Following four years of self-funded fine-tuning in Europe, start-up security awareness firm CybeReady has expanded into the U.S. market with an initial funding round of $5 million led by Baseline Ventures.
CybeReady was founded by Mike Polatsek and Omer Taran in Tel Aviv, Israel in 2015, following the well-established route of commercializing skills learned while serving in or for the Israeli Defense Force (IDF). The skills here comprised a methodology for training users how to recognize phishing attacks to defend the Israeli critical infrastructure. CybeReady has added machine learning and automation to that methodology to provide an autonomous phish-training capability that is unique to each employee, at scale.
Where CybeReady differs from the normal IDF-to-market route is that it didn’t immediately raise the money and move to America. Instead, it self-funded product development within the European market. This was successful. It has 130 customers in Europe ranging from automotive manufacturers to banks and pharmaceuticals, and has doubled its revenue every year. On June 3, 2019, Frost and Sullivan recognized CybeReady with its 2019 European Entrepreneurial Company of the Year Award.
“Its data science driven approach to cyber awareness training,” announced Frost and Sullivan, “improves employees’ resilience by an average of 5x, and decreases the ratio of serial clickers by an average of 10x. Its anti-phishing platform leverages an autonomous process to enable security teams to quickly deploy campaigns, personalized to individual employees.”
CybeReady has already been deployed in 66 countries and is available in 35 languages. However, the U.S. is the primary market as the world’s largest target for phishing attacks. An April 2019 report from PhishLabs states that 84% of all phishing attacks target the U.S. CybeReady’s funding is designed to expand the company’s presence in the area (it already has offices in California and has been building its team in preparation).

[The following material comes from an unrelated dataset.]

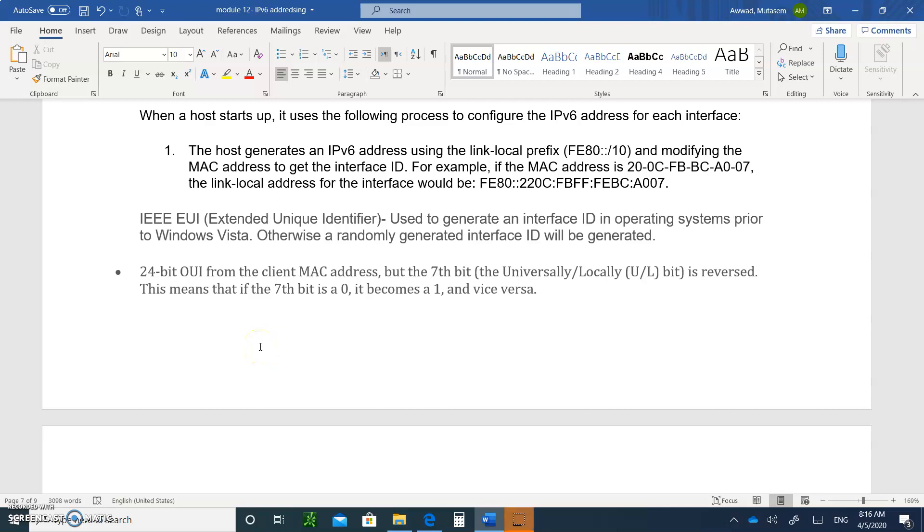Welcome to Module 12, IPv6 Addressing, Video Number 4. All right, so let's continue. So now let's talk about how does a host configure itself with an IP address using SLAAC.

The basis of the CybeReady approach is well-understood. Awareness training by 6-monthly lectures doesn’t work — the message doesn’t stick. ‘Training by doing’ is far more effective. This is delivered by simulated phishing attacks where the user’s response is noted and measured. Where the CybeReady approach differs to other products in the market is in its continuous, individually tailored and fully automated process. The security team, usually already too small and overstretched, does not need to take time out of firefighting to develop, run and manage phish-training programs.

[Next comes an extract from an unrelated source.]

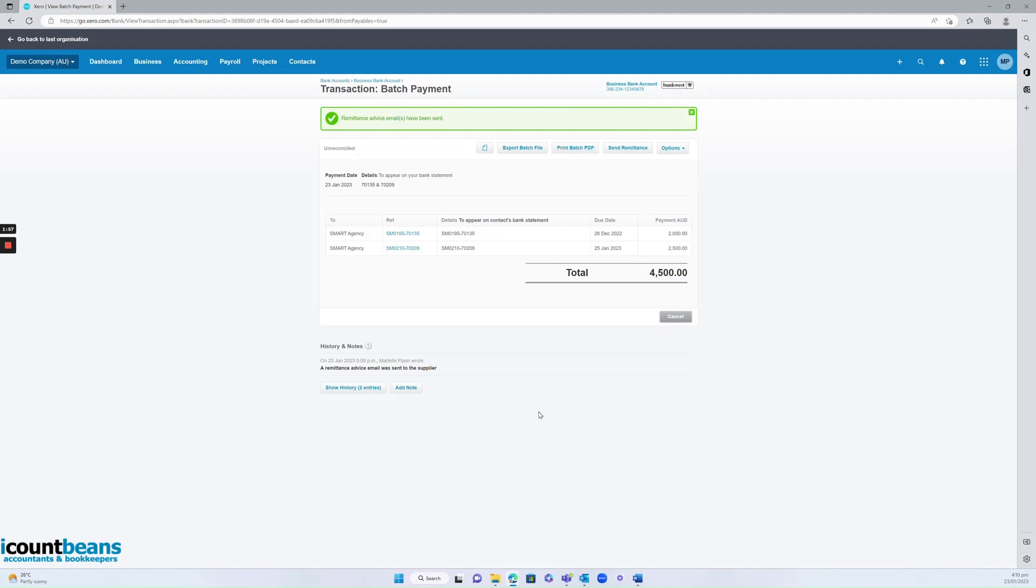And that's it. That's how you do a batch payment of bills on Xero. Hopefully this video was helpful. Thank you.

“CybeReady is the only solution,” says CEO Shlomi Gian, “that guarantees behavioral change by leveraging data science and machine learning to train the entire workforce on a monthly basis throughout the year. After serving hundreds of customers in highly regulated markets, we are ready to take US cybersecurity training to the next level.”
It is called ‘autonomous’, he told SecurityWeek, “because it’s an end-to-end solution, from accepting the employees, onboarding them and training them almost individually through to recording and reporting — it is all done automatically as a managed service. The IT department doesn’t have to do anything. In our first two years we were only semi-autonomous, but we completed the product development by the end of last year. Now we’re ready for the U.S. market.”
He calls it ‘phish and teach’. “The moment any employee fails a test,” he explained, “he or she gets a lesson on the mistakes made. Machine learning is used with the employee’s performance risk score and the templates, organized by ‘difficulty’ level, held by the platform in order to pair each employee with the right challenge. By automating the entire process, we’ve reduced IT and security team involvement to just two hours per month — which is just to review the results.” The result is that every employee receives adaptive training at least once per month.
The basic process with a new customer is to start with a few genuine phishing mails that have been used against the customer’s industry vertical. Every few minutes, one of these emails is sent to one of the employees, and the results gathered. As soon as statistically relevant details are recovered, the staff are separated into virtual classes based on a risk score, and the machine learning kicks in. Over the course of a month, everybody receives a phishing email geared to their current proficiency in recognizing and not responding to phishing. Multi-national companies are catered for, so that each employee gets trained in his or her own language.
Every time an employee clicks a link or opens an attachment during one of the tests, on-the-spot training is invoked. It is short, focused on the error made and provides advice on how to recognize the phish.
One of the inherent advantages of simulated phish training is the ability to monitor results, and prepare statistics for presentation to senior management. The automated and continuous nature of the CybeReady platform lends itself to continuous result collation, and a dashboard provides a real time view to the organizational learning progress, along with weekly, monthly and quarterly management reports.
The announcement of CybeReady’s $5 million funding comes the same day as compeitor KnowBe4 announced a $300 million investment from private equity giant KKR in a deal that valued the company at $1 billion.